→ **Your objective**
Word for word, copy the lines beginning at the one with "Manchetknopen Lijnen met" and ending at the last line below; pictures stay out.

(Web page caption snippets)
#####
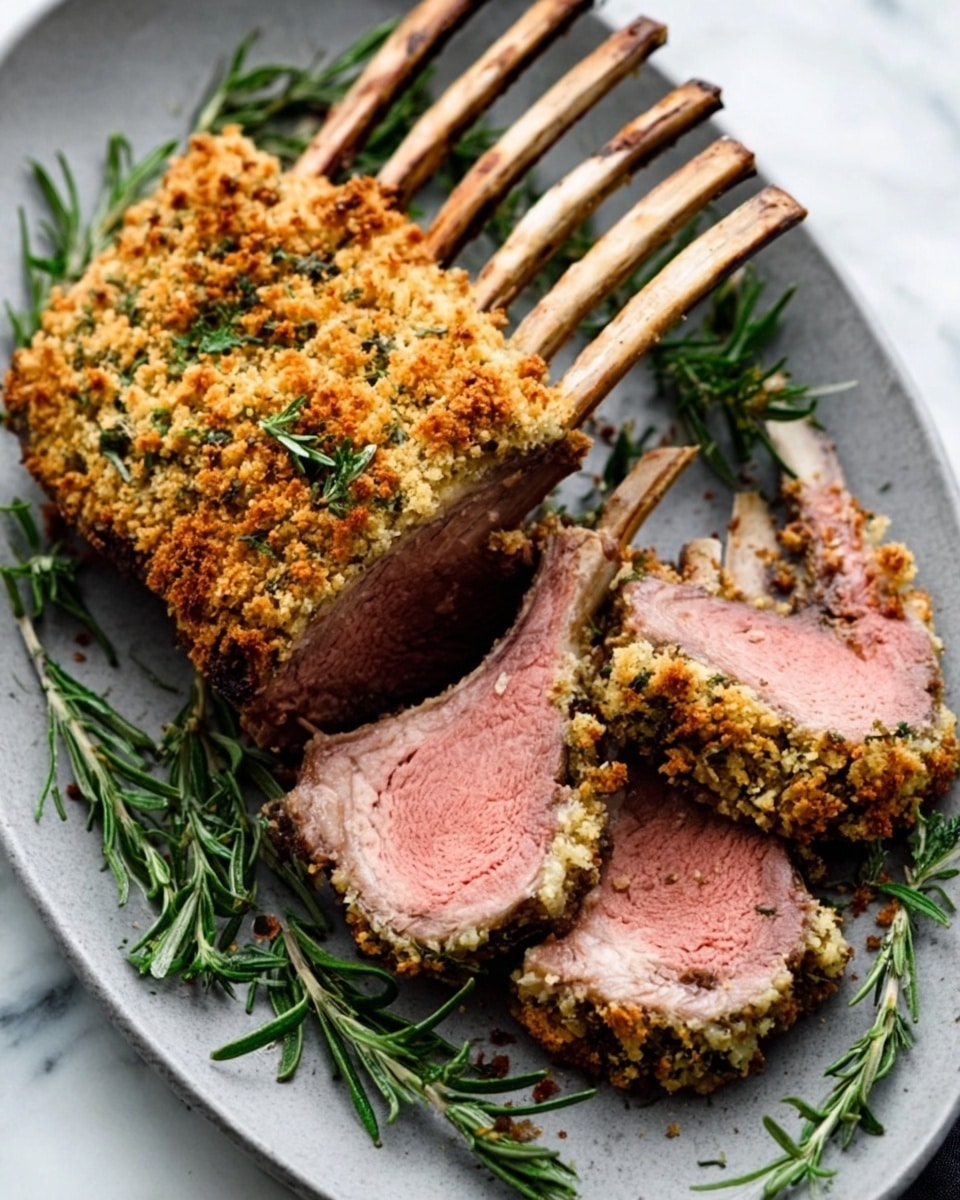 Three pieces of rack lamb are placed on a white plate, each piece showing a thick crust of golden, crispy breadcrumbs on one side and tender pink meat on the other. The breadcrumbs have small green and orange bits, indicating herbs and seasoning. A fresh green rosemary sprig is laid on the plate, adding a touch of color. The crusty breadcrumbs sit under each lamb piece and sprinkle around them, giving a crunchy texture. The background surface is a white marbled texture. Photo taken with an iphone --ar 4:5 --v 7
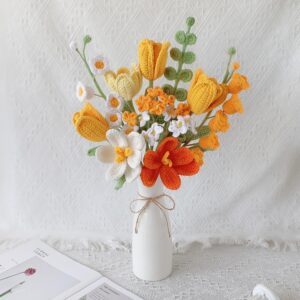 Handmade Crochet Flower Bouquet – 8 Styles | Tulip Sunflower Peony | Forever Gift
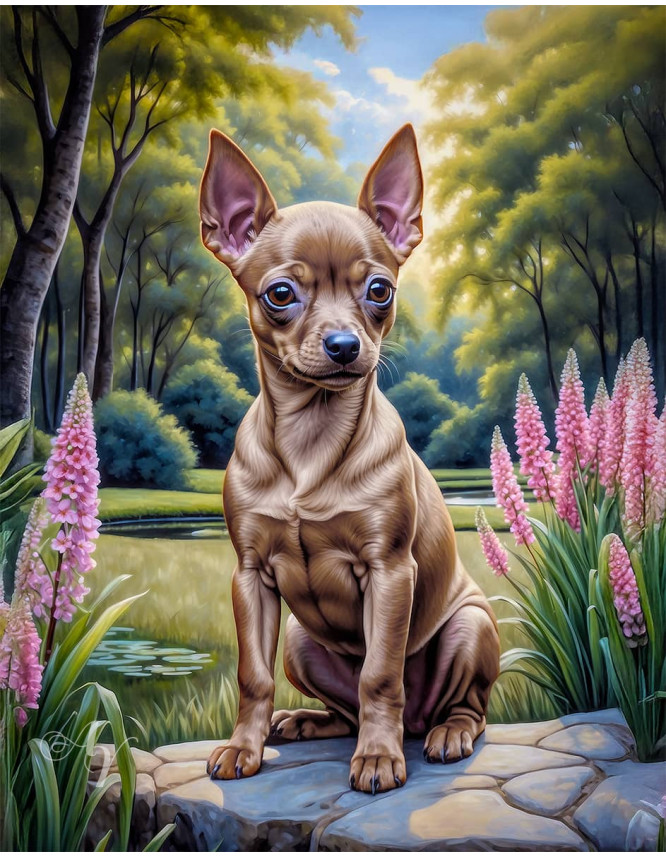 Miniature Pinscher Puppy Portrait Paintings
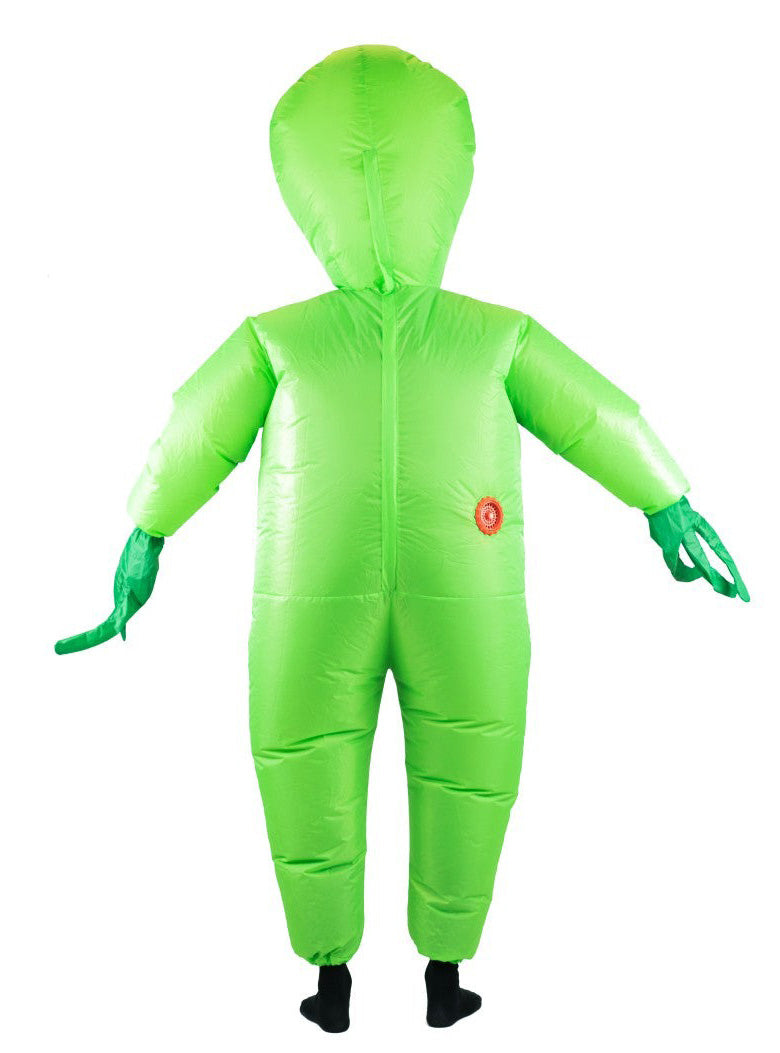 Inflatable Green Alien Novelty Adults Costume - Back Image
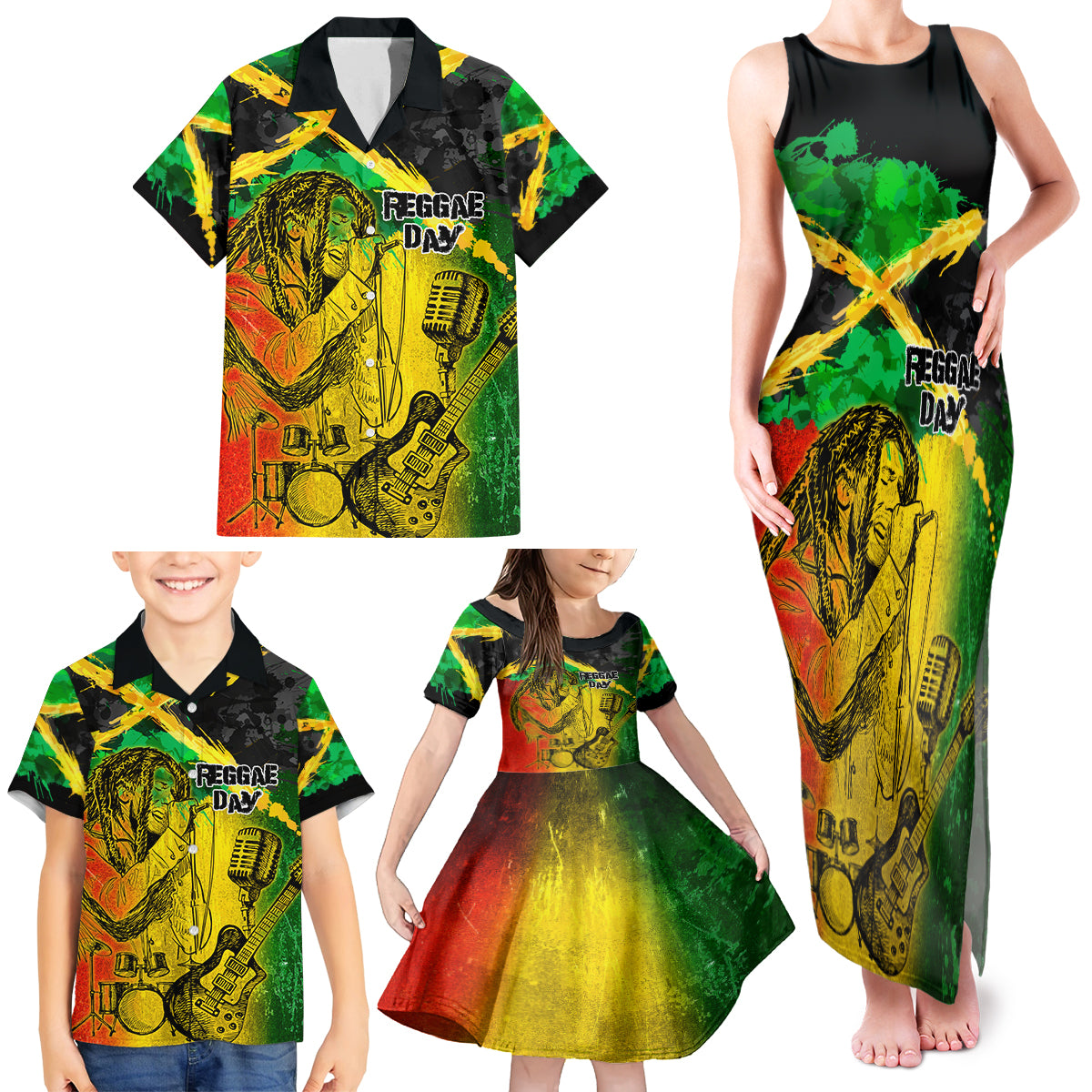 Jamaican Reggae Singer Family Matching Tank Maxi Dress and Hawaiian Shirt B-Marley Reggae Grunge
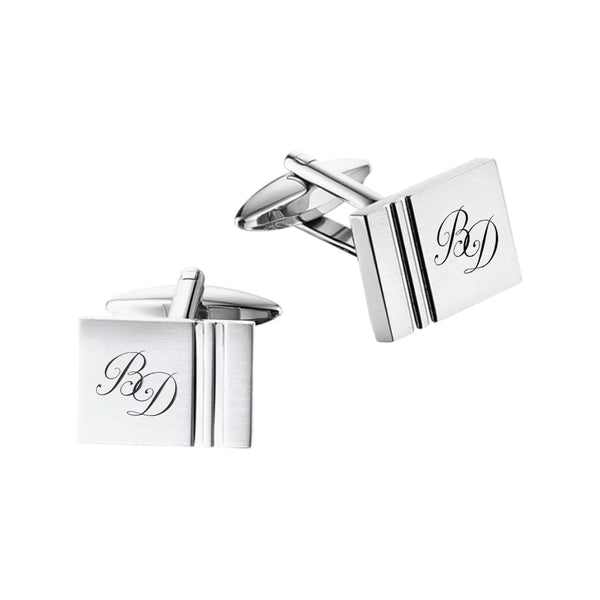 Manchetknopen Lijnen met Lettergravure - Edelstaal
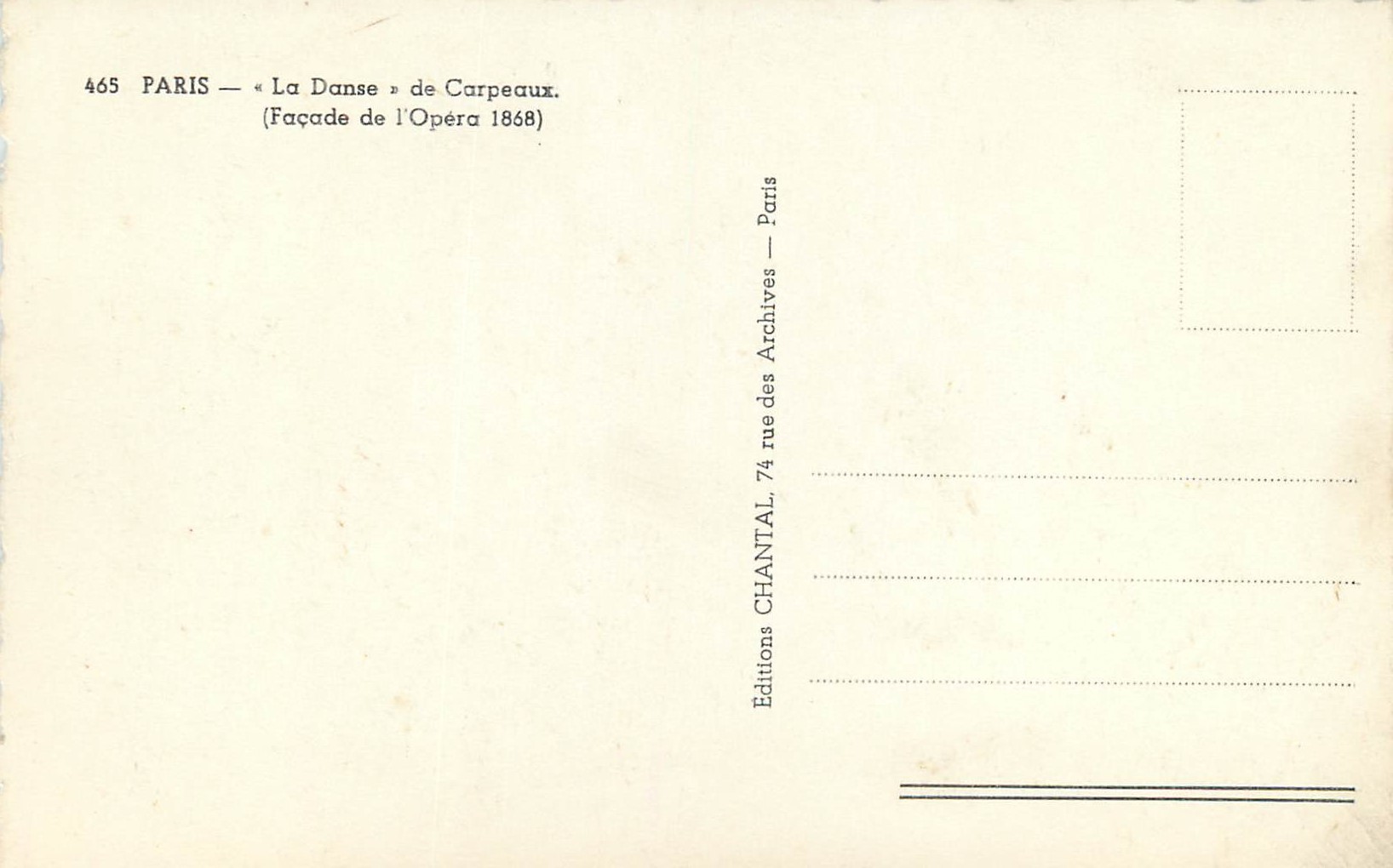 CPM Paris La Danse de Carpeaux (Facade de l'Opera 1868) — Rückseite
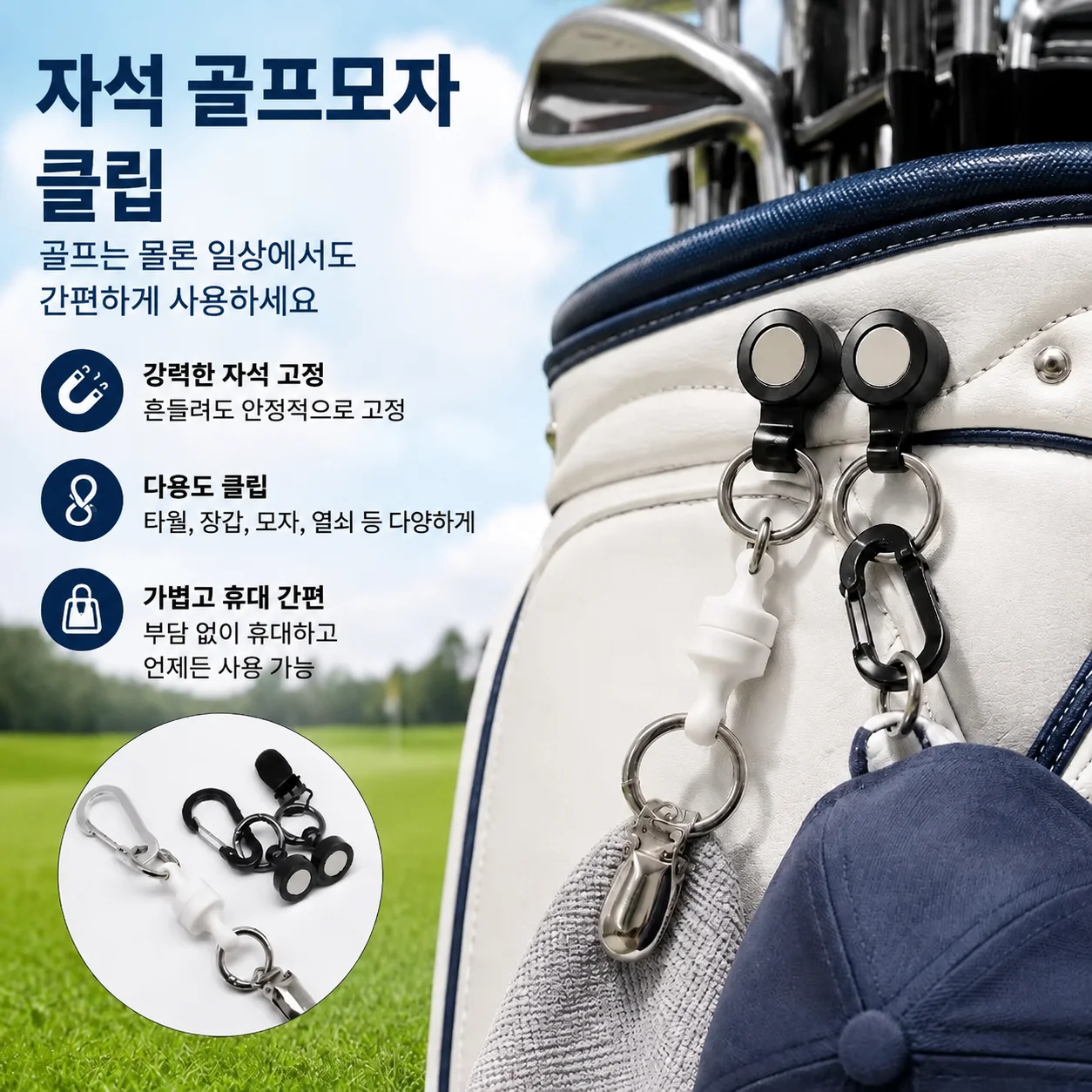 Magnetic Golf Hat & Glove Clip, Double-Sided Strong Magnet Towel Buckle, Multi-Use Fastener for Handbag, Key Chain & Hanging Sto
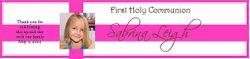 COM-17 Hot Pink First Communion Photo Water Bottle Label
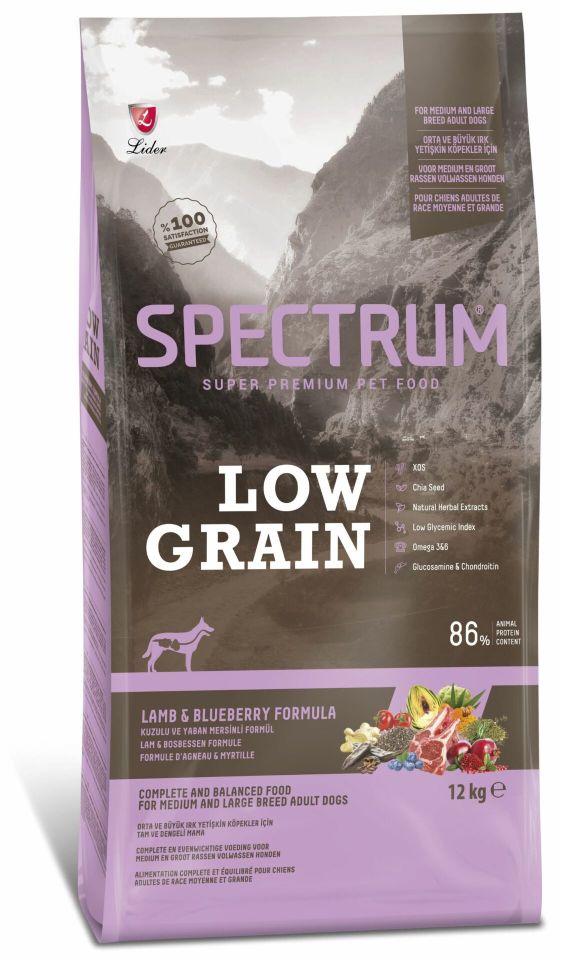 Spectrum Düşük Tahıllı Kuzulu, Yaban Mersinli Orta ve Büyük Irk Yetişkin Köpek Maması 12kg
#####
→ **The answer**
 Manchetknopen Lijnen met Lettergravure - Edelstaal
 CPM Paris La Danse de Carpeaux (Facade de l'Opera 1868) — Rückseite
 Magnetic Golf Hat & Glove Clip, Double-Sided Strong Magnet Towel Buckle, Multi-Use Fastener for Handbag, Key Chain & Hanging Sto
 COM-17 Hot Pink First Communion Photo Water Bottle Label
 Spectrum Düşük Tahıllı Kuzulu, Yaban Mersinli Orta ve Büyük Irk Yetişkin Köpek Maması 12kg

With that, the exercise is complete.